Interesting choice of one-actor show. However, he does not, in any
sense of the word, exist alone on the stage, (as say, Hal Holbrook does
in his one-man about Mark Twain), and 'role' does not translate as
'body'. The cultural venue of A Christmas Carol also requires three
spirits, Bob Cratchett and family, (no way you can leave out Tiny Tim),
a nephew and his wife, and a few other minor players, including Belle,
the girl left behind, and Fezziwig, and I'm sure there are others my
memory stalls in front of right here and now. Whether or not it
requires the physical prop of a turkey or a doorknocker or a gravestone
is a matter of stagecraft, not a matter of venue. After all, does a
mime really _not_ use props?
> "And the rules of baseball come from the cultural venue."
>
> Which is reduceable to a single brain.
No, sorry. One brain may indeed have these rules in memory, as in the
teacher on the island scenario, but those rules did not come from the
ether and they won't get out to another player without performance.
They came from a cultural venue that was experienced, via performance,
by that brain, but that one brain cannot play baseball with itself so
that anyone else who knows the rules of baseball understands that
baseball is being played. Accepted, one might view Kasparov sitting at
a bench deep in thought, and be ready to assume that he was playing
chess with himself, but, even if I saw Roger Clemens sitting deep in
thought I would not think he's doing mental baseball on the bench....
The games are quite different. The rules and the venues are quite
different. Your computer game baseball example is just as immaterial an
argument. The venue of chess is rather encapsuled in the mind, while
the venue of baseball is not. And yet I played a wonderful card-based
baseball game with a friend of mine in college, spending many a wasted
to academia night keeping score. Did we know the rules of baseball? You
betcha. We had to. I learned more about baseball playing that card game
than I've forgotten since. Would someone stopping by know we were
playing baseball? I don't think so, unless they knew what a scoresheet
looked like, because there was no representation of the diamond, or
sounds of bats slapping balls, no pictures of baseball accessories, and
none of the cards looked like baseball cards, but had a full list of
the player's stats and averages.
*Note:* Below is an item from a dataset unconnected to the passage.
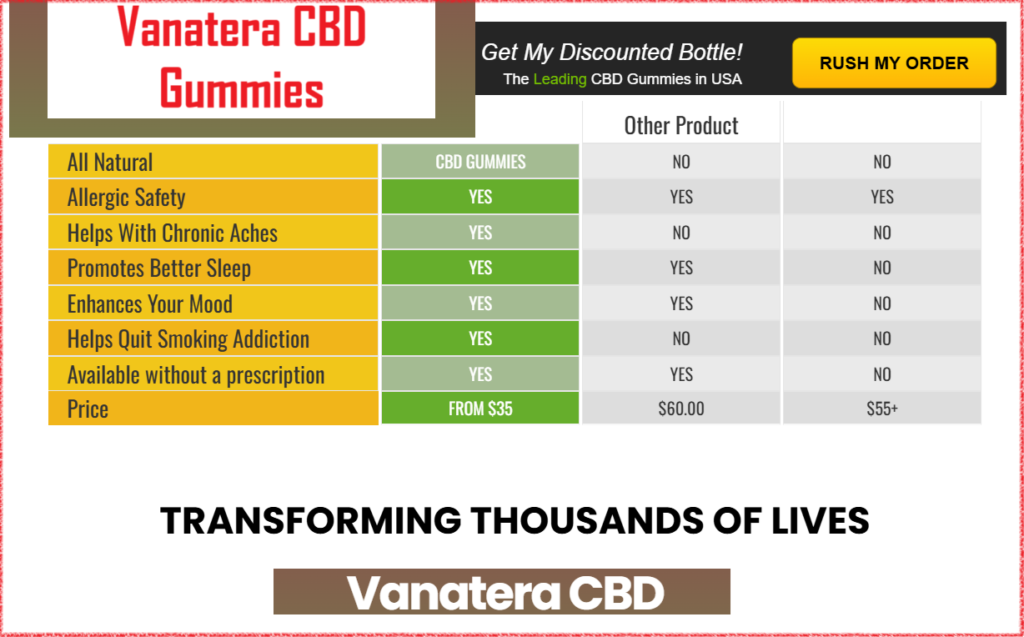 Vanatera CBD Gummies Buy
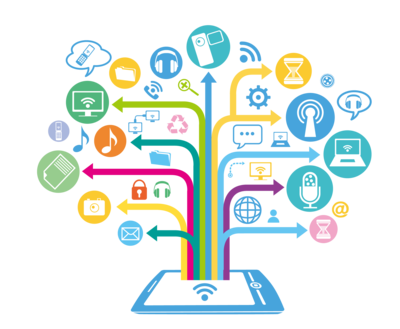 數字媒體技術 驅動數字化轉型的核心服務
Yeah, they would start to clue in
after hearing us at play, or if they were deaf perhaps by recognizing a
player's name (the game was one where we could pick players from any
part of baseball history, and thus I often had Honus Wagner and Mickey
Mantle on the same team), but, nothing immediately in view would alert
the casual glance. So, were we playing baseball, or not? How much of a
venue is needed? (This is a much larger question about all performance,
and one I truly think needs to be addressed in cultural evolution and
not only aesthetic and poetic theory, and again one, IMHO, that is
ignored by the memeithemind model.)
> "And each cultural venue is doing the same thing, maintaining a set of
> parameters and expecting a set of performances"
>
> It sounds like you are claiming that the venue has some agency. Is
> that
> true?
Yes, of course I am. That was a late-arriving eureka. How many times do
I have to write that there are a _minimum_ of three players in cultural
evolution, the performer, the observer, and the venue? And they are
equal players. The venue sets the parameters, and these are not only
parameters directing the expected performance, but parameters of the
expected observation and perception, even of the expected
interpretation, as well. The venue is a decided agent of cultural
evolution, just as temperature and climate and food sources are of
biological evolution.
Even in a modern, improvised, ensemble, workshop theatre based upon
Macbeth, themes and characters from the venue of Macbeth would have to
be there. Banquo might be Donald Duck, but, he's still there.